Las ménades son altas y nervudas, miden más de 6 pies de altura y normalmente pesan alrededor de 200 libras, y los machos de ménade tienen la misma altura y solo un poco más que las hembras de ménade. Llevan el pelo oscuro en la cabeza largo y trenzado (y no tienen pelo en otras partes del cuerpo). Su piel está cubierta de un brillo peculiar, como el polvo de una gema, que les confiere un brillo sorprendente con la luz adecuada. Este brillo es un componente natural de su piel, que está salpicada de trozos de cristal vivo. Las ménades poseen gracia y rasgos finos, y su belleza es casi élfica. Prefieren ropa más pesada y usan armadura si está disponible.
Las ménades se sienten más cómodas con los humanos y consideran que los diversos temperamentos de esa raza no son muy diferentes a los suyos. Respetan la capacidad de los enanos para guardar rencor. Las ménades se sienten particularmente cautivadas por los elfos; La ligereza del ser de los elfos es un bálsamo para el espíritu de la ménade. A las ménades no les desagradan los medianos, los gnomos o los xephs, pero les cuesta entender sus caprichosas costumbres.
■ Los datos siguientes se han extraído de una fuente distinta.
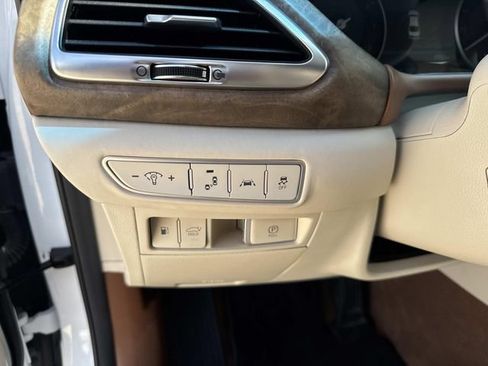 Used 2020 Genesis G90 3.3T Premium RWD image 30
Las Ménades saben que el autocontrol es su mejor camino hacia una vida plena. Por tanto, se inclinan fuertemente hacia la ley. Por lo general, valoran y protegen el autocontrol de los demás además del suyo propio, por lo que la mayoría de las veces están alineados con el bien. Ménade
En su mayor parte, las ménades viven en comunidades costeras con poblaciones inferiores a las trescientas personas. Sus pueblos bien escondidos se mezclan con los acantilados y el surf. Cazan algo de caza tierra adentro, pero recolectan la mayor parte de su alimento en el mar, en embarcaciones ligeras y astutamente construidas. Algunas ménades utilizan sus barcos para comerciar a lo largo de la costa, intercambiando perlas y esculturas de cristal cultivadas. Las ménades que se encuentran en tierras humanas suelen ser guerreras a sueldo o aventureras.
Las Ménades adoran a diversas deidades menores del mar. Obad-Hai, en su relación con los mares y océanos, es también una deidad conocida por las ménades.
Las ménades hablan un idioma regido por estrictas reglas gramaticales. Los cánticos juegan un papel importante en su composición y literatura. Usan el alfabeto élfico para su escritura.
Los nombres de Ménade se dan y usan de manera muy similar a los nombres humanos. Cada ménade tiene al menos un nombre de pila y un apellido. masculino Alberik, Alrik, Basilius, Erland, Gunnar, Isak, Ragnor, Rurik, Tor. Agatón, Annalina, Blenda, Eleonora, Gala, Lena, Malin, Ragnara, Vedis. familia Coebelliantus, Hjalmar, Kolbjorn, Perchnosius, Torborn, Valborg, Valentín, Xaljorn.
Algunas ménades se lanzan a la aventura por el deseo de viajar y ver mundo. Otros se vuelven aventureros porque tienden a llevarse mejor con aquellos menos dados a la ira interior que con otros como ellos.